Celebração da vida

Os discípulos entristecidos caminhavam sem destino. De Emaús. Iam com Jesus e não sabiam. A noite se avizinhava. A incerteza das trevas. E rogaram: "fica conosco Senhor " Partiam. Alguns se vão no úmido do rossio. Outros na claridade da aurora. Outros na primavera. Maria Alaíde Bomfim, a última neta da Pátria Alexandrina, como diz Junior Bonfim, partiu. Era Páscoa. Esvaziou-se de si. Se encheu do Jesus Ressuscitado. Alaíde deixa a nossa vida vazia, como Cristo deixou o túmulo. Emociona-se o Exsultet. O canto épico da vitória sobre a morte.

Alaíde se vai com Jesus. Christus Éghere. (Cristo ressurgiu). S. Ambrósio disse que Jesus não ressuscitou para si. Ele ressurgiu para nós. A Páscoa significa muito para nós de Crateús. Para nossa família. Lembro-me que era muito pequeno e pedi a minha mãe, para dormir na Igreja do Senhor do Bonfim, para de madrugada ver o Ressuscitado. Não entendia porque as pessoas saiam apressadas. Lembro-me como compungidos íamos à celebração da Sexta-Feira da Paixão.

Sem canto. Sem sino. Somente o som choroso da matraca. Íamos à procissão do Senhor Morto. E chorávamos. Chegávamos em casa para ceia que Alaíde fazia. Domingo de Páscoa, uma alegria viva. Calorosa. Radiante. A família almoçava na casa do Pe. Bonfim. Alaíde escolheu esta data, cheia de húmus de esperança para se ter com Deus. Foi amiga de Deus. Foi amiga de todos. Dos pobres. Dos morféticos. Dos feridos de tristeza. Dos chagados de dor. Foi partilha. Na Igreja das senhoras de caridade. Na sociedade. E no seu lar. Partilhou afeto. Carinho. Abraços e saudades.

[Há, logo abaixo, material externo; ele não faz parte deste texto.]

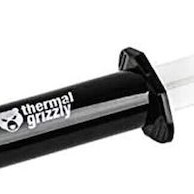 Thermal Grizzly Tg Hydronaut Thermal Paste 26gr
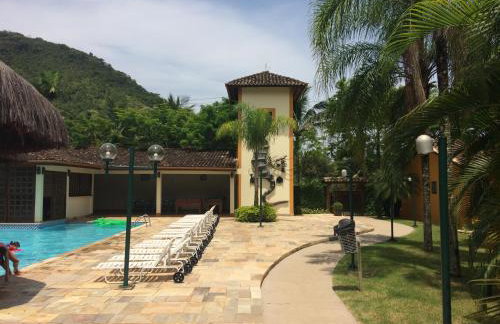 Recanto da Enseada - Condomínio Via Marina - Foto 7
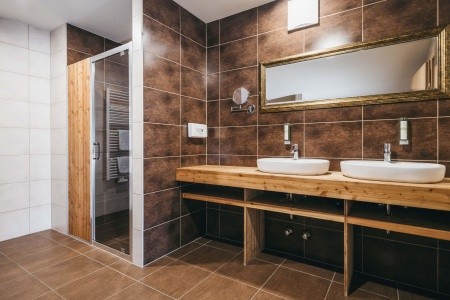 Victoria By Vaya - 47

Dom Fragoso deixou tudo para vir celebrar os seus 80 anos. Dom Jacinto veio de Teresina para celebrar seu centenário. No seu rosto de criança brilhavam duas tochas azuis. Um céu de doçura. Vivemos com Alaíde um céu de primavera. Andamos com ela por todos os lugares. Sei que esta primavera é finda. E viveremos o outono de sua ausência. As folhas da saudade vão atapetar os nossos caminhos. As àrvores nuas, de sua presença, arqueadas a sombra desta brisa que corta a nossa alma. Temos de caminhar. O túmulo está vazio. A tua casa sem o teu sorriso. Sem o teu canto. Temos de caminhar, somos Emaús que teme a noite escura, que cai sobre nós. Vamos sentir o frio de tua mudez. Nós pedimos a Deus que tu fiques eternamente conosco, nesta longa noite escura que se avizinha. Cearás conosco. Partilharás o pão da nossa esperança para que vivamos em Paz. Adeus minha mãe querida.